There is no doubt that the stock market remains one of the most popular forms of investment for many. Whether you trade independently as a career or simply invest some spare money as a hobby, you may be among the many millions who put their money into companies listed on the global stock exchanges. With the global stock markets being worth around $80tn and the two biggest US ones accounting for 39% of that total, putting money into shares remains popular.
What do you need to think about before investing in a company’s stocks?
Key things to consider:
As with anything in life, you need to know what you are doing before jumping in and buying shares in a business. Doing this will mean that you have more winning trades in the long term and make a good return on the investments you make.

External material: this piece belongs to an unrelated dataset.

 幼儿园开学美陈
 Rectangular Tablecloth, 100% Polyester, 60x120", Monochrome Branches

Here are some essential stock market tips to know about before you buy:
- Research – the best place to start before making any purchases is with research. This should be both into any companies that may be worth investing in and also the latest stock market news. In essence, you are buying shares in a company to profit when the company does well and the share price rises. The only way to make a confident prediction here is to look at the company’s past performance and current data. News also has a big effect on how the markets move and will influence your decision-making when buying shares. Finding the most knowledgeable information online each day is key so that you can be aware of any news that may have an impact.

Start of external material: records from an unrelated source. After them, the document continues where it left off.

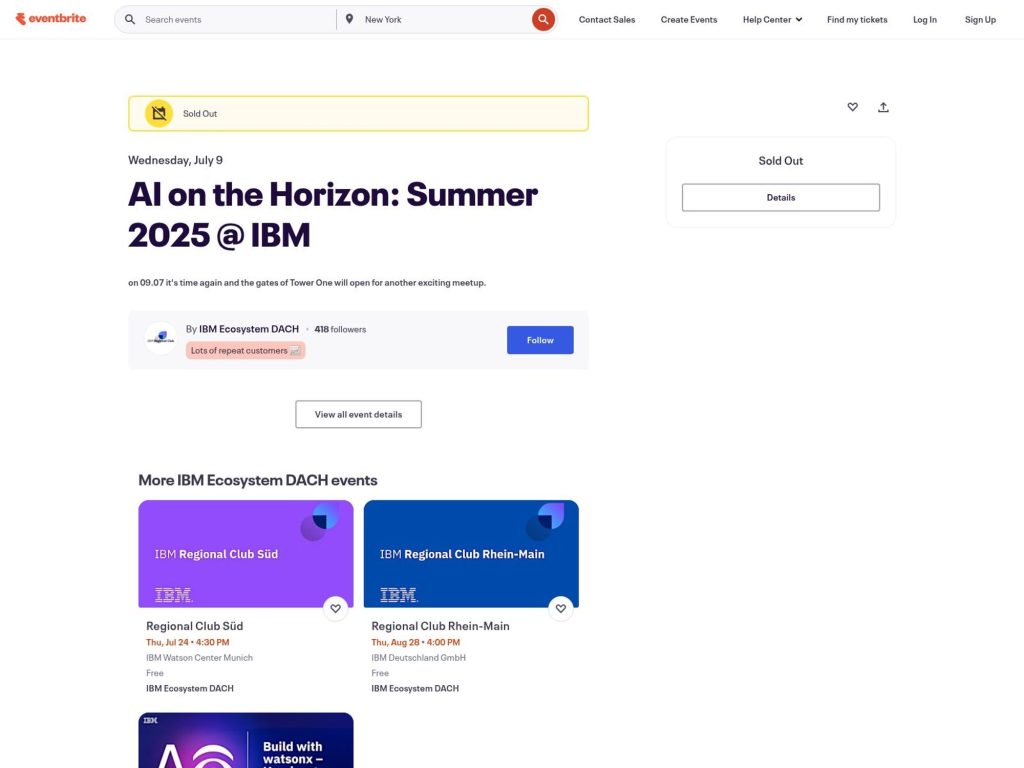 AI on the Horizon: Summer 2025 @ IBM - Event screenshot
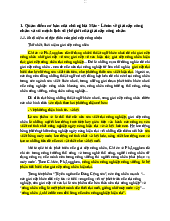 Quan điểm cơ bản của chủ nghĩa Mác - Lênin về giai cấp công nhân và sứ mệnh lịch sử thế giới của giai cấp công nhân - Chủ nghĩa xã hội khoa học | Trường Đại học Bách khoa Thành phố Hồ Chí Minh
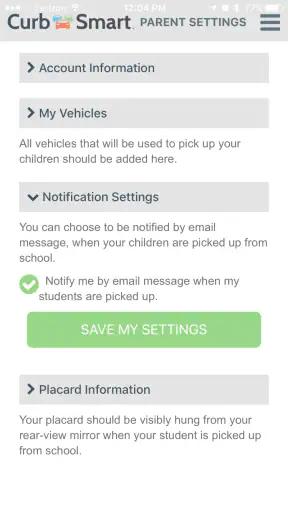 CurbSmart Parent screenshot 2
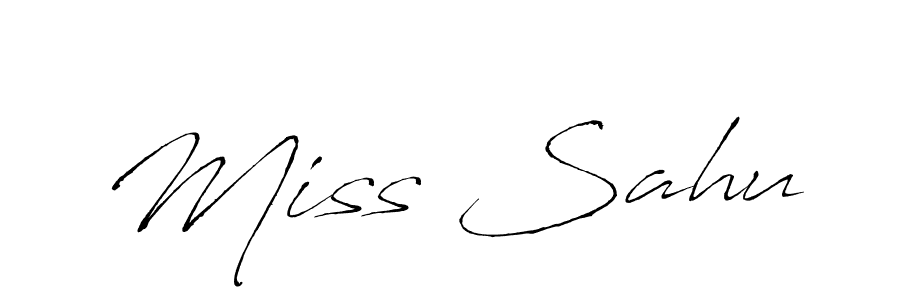 if you are searching for the best signature style for your name Miss Sahu. so please give up your signature search. here we have designed multiple signature styles  using Antro_Vectra. Miss Sahu signature style 6 images and pictures png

- Price – there are two main reasons to think carefully about the price that the stock is trading at if you think the company is worth investing in. The first is that it will tell you how many stocks you can buy. The second is that it will tell you if the stock is of good value. If the price is lower than you would expect or you think it will go up over time, then this is a sign to buy.
- Dividends – Dividends are cash payments that companies can choose to give to investors if they have accumulated enough profits. These can be a good source of income on your initial outlay, even if the stock price itself goes down! Look for companies that have a history of giving regular dividends out to investors.

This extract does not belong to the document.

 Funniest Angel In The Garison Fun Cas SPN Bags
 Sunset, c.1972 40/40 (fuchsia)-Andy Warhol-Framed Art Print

- Past history – it must be said that past performance does not guarantee future returns. However, it can certainly give you a good idea of what may happen next. Check out how the stock you are interested in has fared over the last 12 months. If the current price is at the top end, then it might not be worth investing now as it is unlikely to rise much.
Look before you leap:
People love investing in the stock market because it is so exciting. However, do not let this eagerness make you buy stocks in a company without checking out the above. Taking the right steps before you buy is key to getting great-value stocks that should go up over time.